Armed conflict poses a major threat to child health, and growing research highlights how political and social structures may moderate its effects, though the full range of relevant effect modifiers remains incompletely understood. This study examines how the relationship between conflict severity and under-5 mortality rates varies depending on patterns of ethnic political representation. Using data from 99 countries from 2000 to 2017 at the first administrative level (ADM1), it tests the hypothesis that conflict severity has a stronger adverse effect on child mortality where ethnic groups that lack political representation reside.

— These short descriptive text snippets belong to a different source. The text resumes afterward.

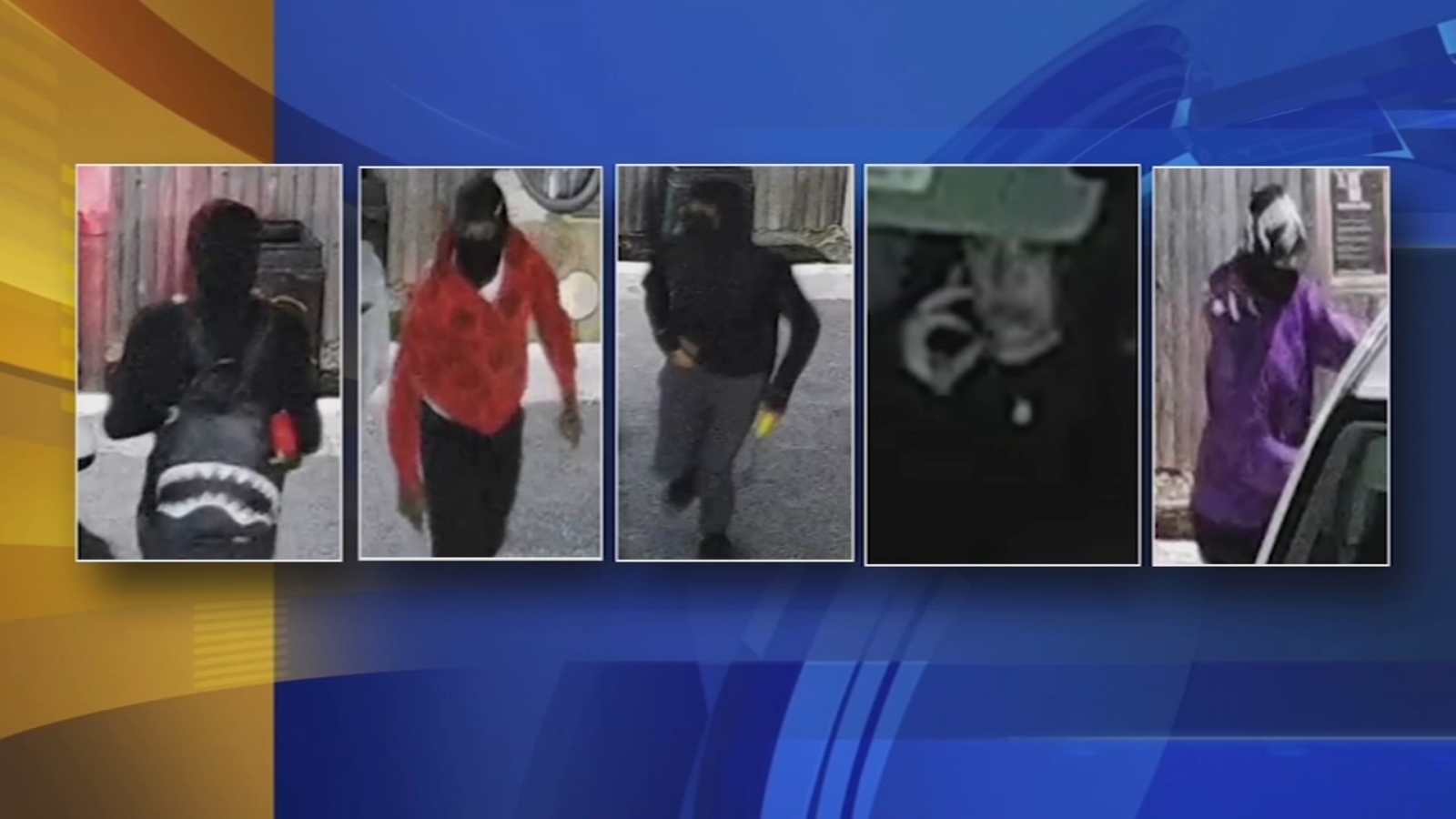 Philadelphia police searching for hammer-wielding teens wanted for 5 ...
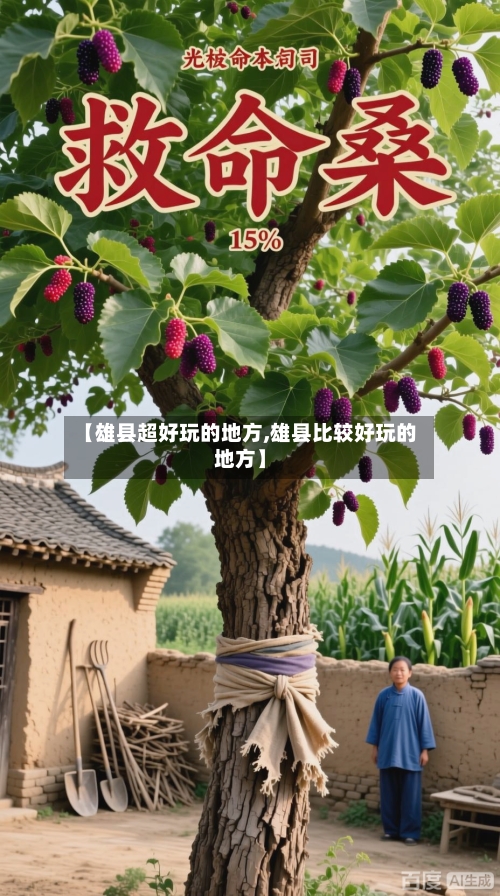 【雄县超好玩的地方,雄县比较好玩的地方】-第2张图片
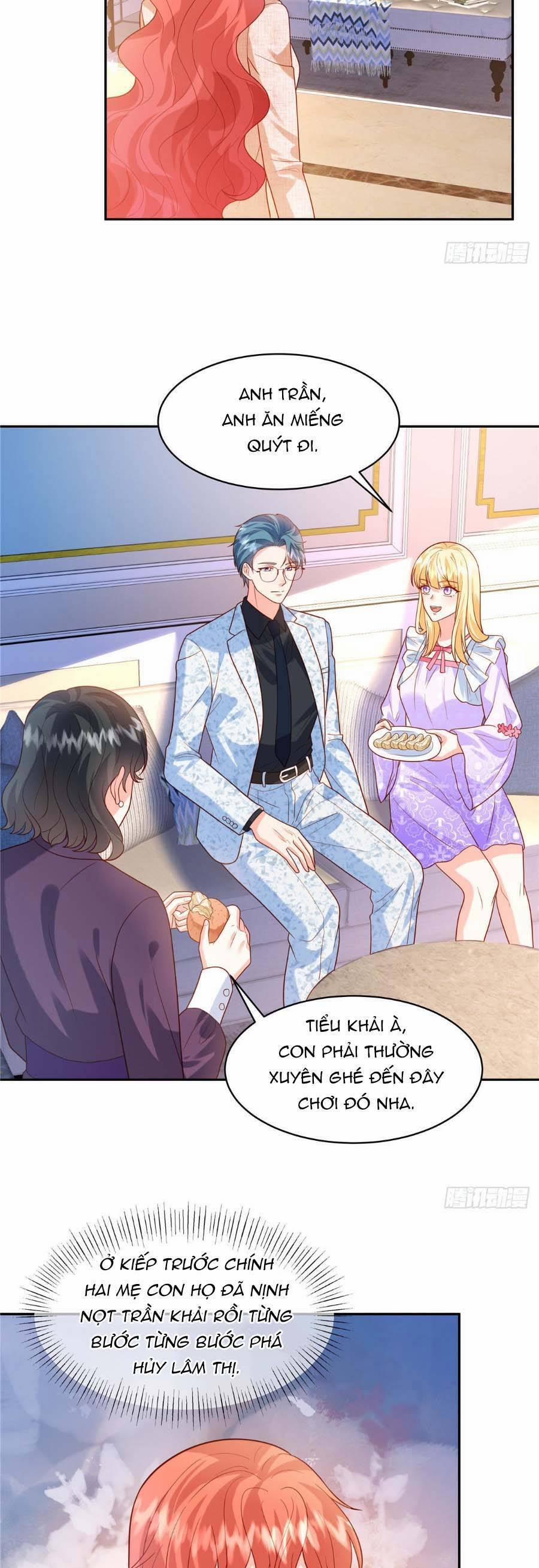 Trọng Sinh Từ Hôn Thê 39 trang 10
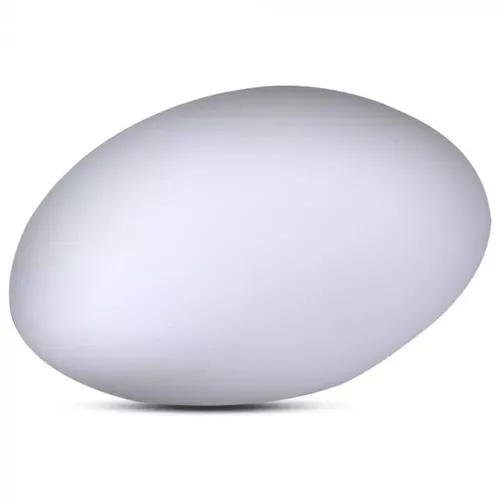 Lampă LED în formă de piatră RGB D28*21*17CM | V-TAC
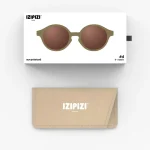 IZIPIZI. Baby Sunglasses 9m-3y Glossy Khaki - Image 3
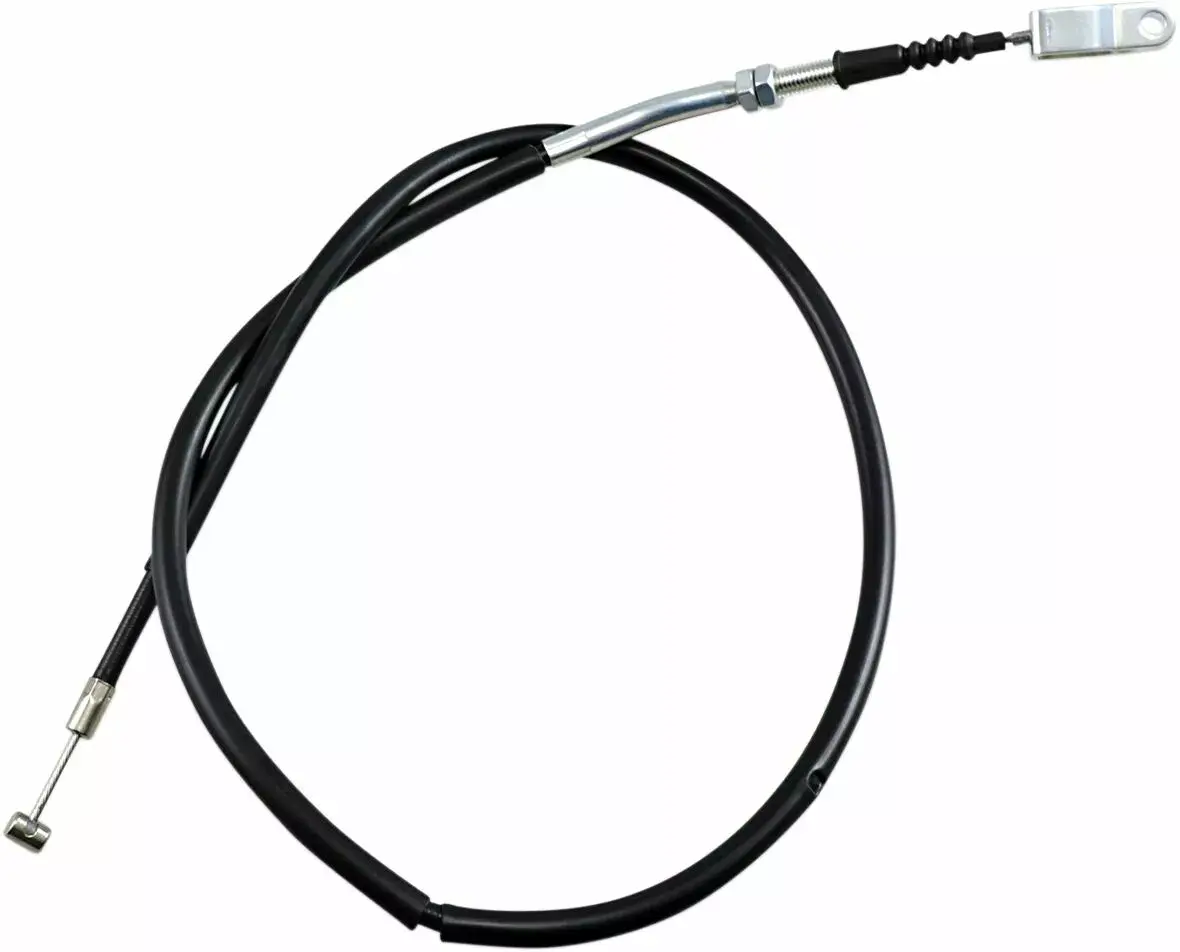 Câble de frein en vinyle noir MOOSE OFFROAD HARD-PARTS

Multivariate linear regression models with ADM1 and year fixed effects provide evidence that lack of ethnic political representation operates as an effect modifier of the conflict-mortality relationship. The results remain robust across alternative measurements, covariates, model specifications, and matching techniques. These findings contribute to understanding how political inequality shapes the health consequences of conflict, with implications for both conflict-affected health interventions and policies addressing political representation.
当冲突遇到政治排斥:种族、治理和儿童死亡率
武装冲突对儿童健康构成重大威胁,越来越多的研究强调政治和社会结构如何能够缓和其影响,尽管有关影响调节因素的全部范围仍未完全了解。这项研究考察了冲突严重程度与5岁以下儿童死亡率之间的关系如何因种族政治代表性的模式而异。该研究利用2000年至2017年99个国家一级行政层面(ADM1)的数据,检验了冲突严重程度对缺乏政治代表性的民族居住的儿童死亡率产生更大不利影响的假设。具有ADM1和固定年效应的多元线性回归模型提供了证据,表明缺乏种族政治代表性是冲突-死亡率关系的影响调节因子。结果在可选测量、协变量、模型规范和匹配技术中仍然是稳健的。这些发现有助于理解政治不平等如何影响冲突的健康后果,对受冲突影响的卫生干预措施和解决政治代表性问题的政策都有影响。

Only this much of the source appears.